Exercise
Leaving the pictures aside, transcribe the data below exactly.

Dataset content
==*==

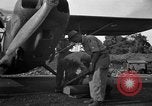 Standbild L-5 Sentinel Flugzeuge Saidor New Guinea, 1944, aus Sekunde 5 historischem Filmmaterial Videoclip 65675072745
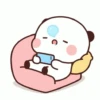 Bubuuu panda 6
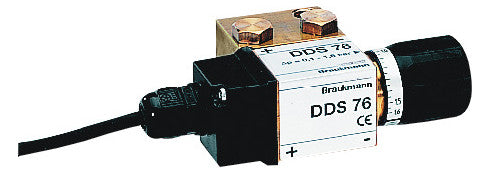 Honeywell Differenzdruckschalter Typ DDS76 für 1, 11/4 und DN 65-100 | DDS76-1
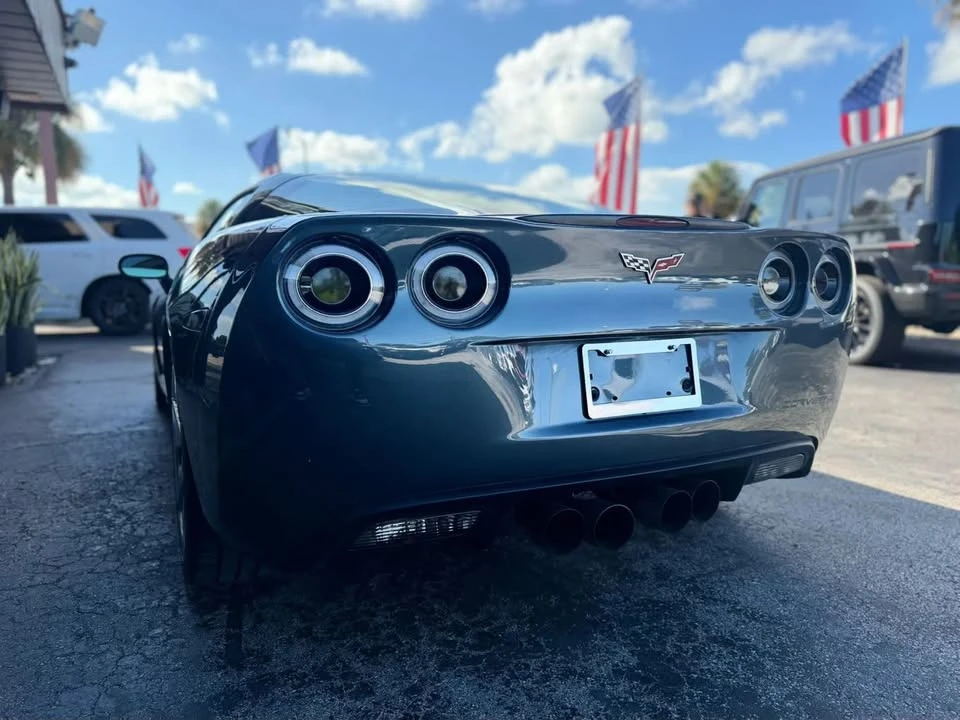 2009 Chevrolet Corvette C6 - Image 6 of 20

==*==

Reply to the task
 Standbild L-5 Sentinel Flugzeuge Saidor New Guinea, 1944, aus Sekunde 5 historischem Filmmaterial Videoclip 65675072745
 Bubuuu panda 6
 Honeywell Differenzdruckschalter Typ DDS76 für 1, 11/4 und DN 65-100 | DDS76-1
 2009 Chevrolet Corvette C6 - Image 6 of 20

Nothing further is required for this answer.